A weekend “get together” of European financial big shots resulted in an emergency $1-trillion rescue package to address the continent’s debt problems. The European Central Bank also announced a planned purchase of euro-zone government bonds.
The markets responded with vigorous volatility. The euro first gained against the U.S. dollar, then gave it all back (and then some). Global stock indexes zoomed higher on Monday — what a change from last week, when the Stoxx Europe 600 closed with an 8.7% loss.
Opinions regarding Europe’s future remain divided. The CEO of the world’s largest bond fund says that the crisis “…is on the verge of truly going global.” (CNBC) By contrast, on Monday these remarks of a big hedge fund head were the first sentence in a Marketwatch story: “The sovereign debt crisis is ‘manageable’ and doesn’t pose a risk to broader markets, said John Paulson.”

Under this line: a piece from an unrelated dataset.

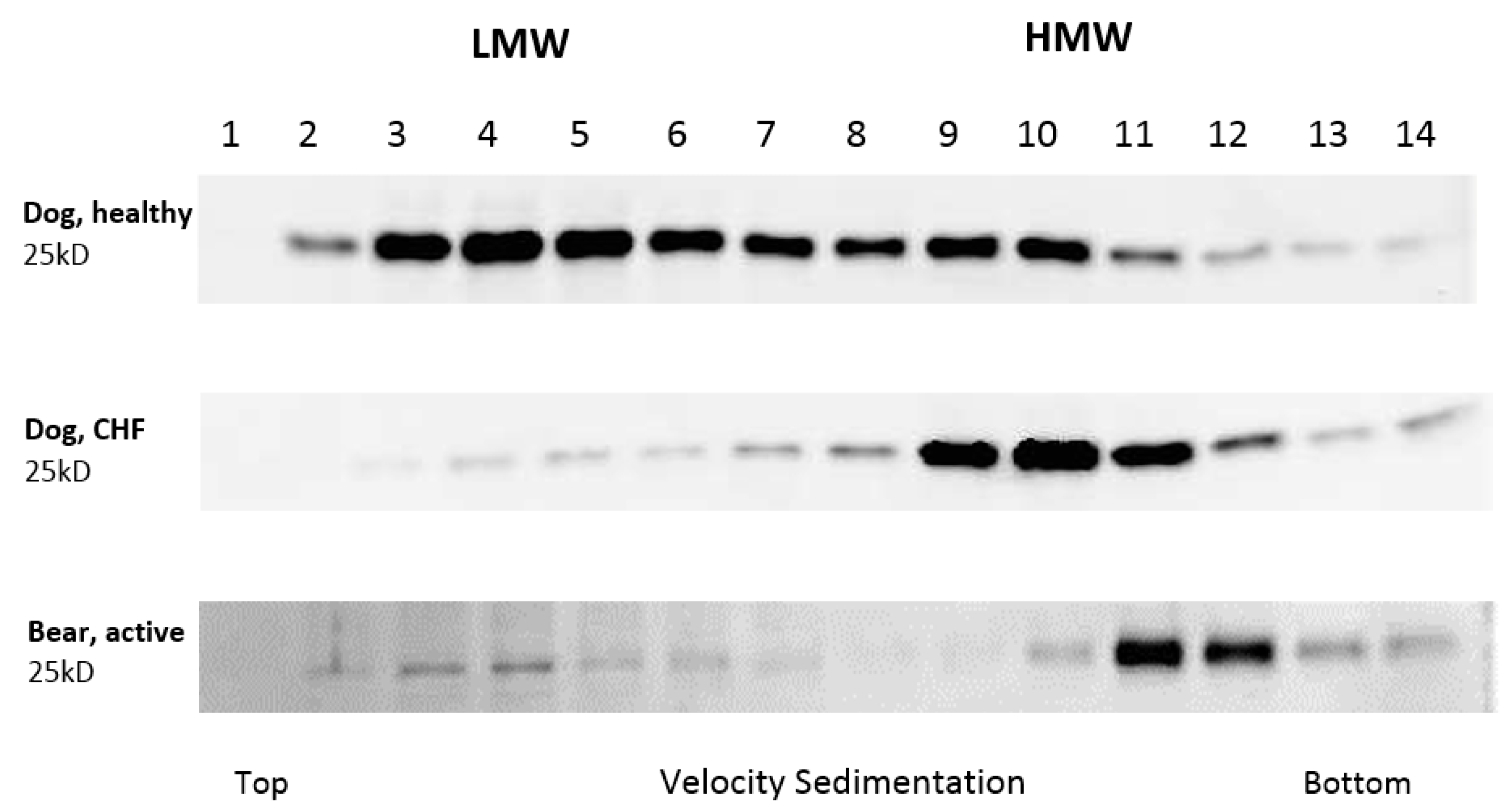 Vetsci 04 00035 g001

This much is evident: The EU finance ministers, International Monetary Fund and central bankers have pushed virtually all of their chips to the center of the table — “…a very desperate measure,” in the words of a London-based forex strategist. (CNBC)
Who’s right?
We at Elliott Wave International believe the only way the global credit bubble will be resolved is by “paying the piper” — in other words, the “accounting books” must be completely balanced. This is quite different than IOUs on top of IOUs, which is essentially Europe’s latest plan of attack.
“Practically speaking, the ECB now has a license to print more currency… We believe that making the debt mountain larger does not move the problem any closer to solution, but rather guarantees the eventual pain will be even greater when scores must be settled.”
That’s a quote from Elliott Wave International’s May 10 European Short Term Update. The editor Chris Carolan puts Monday’s European stock market rallies into perspective. You also get our views on what impact the ECB’s “license to print” will have on the euro. Click here to read May 10 European Short Term Update risk-free.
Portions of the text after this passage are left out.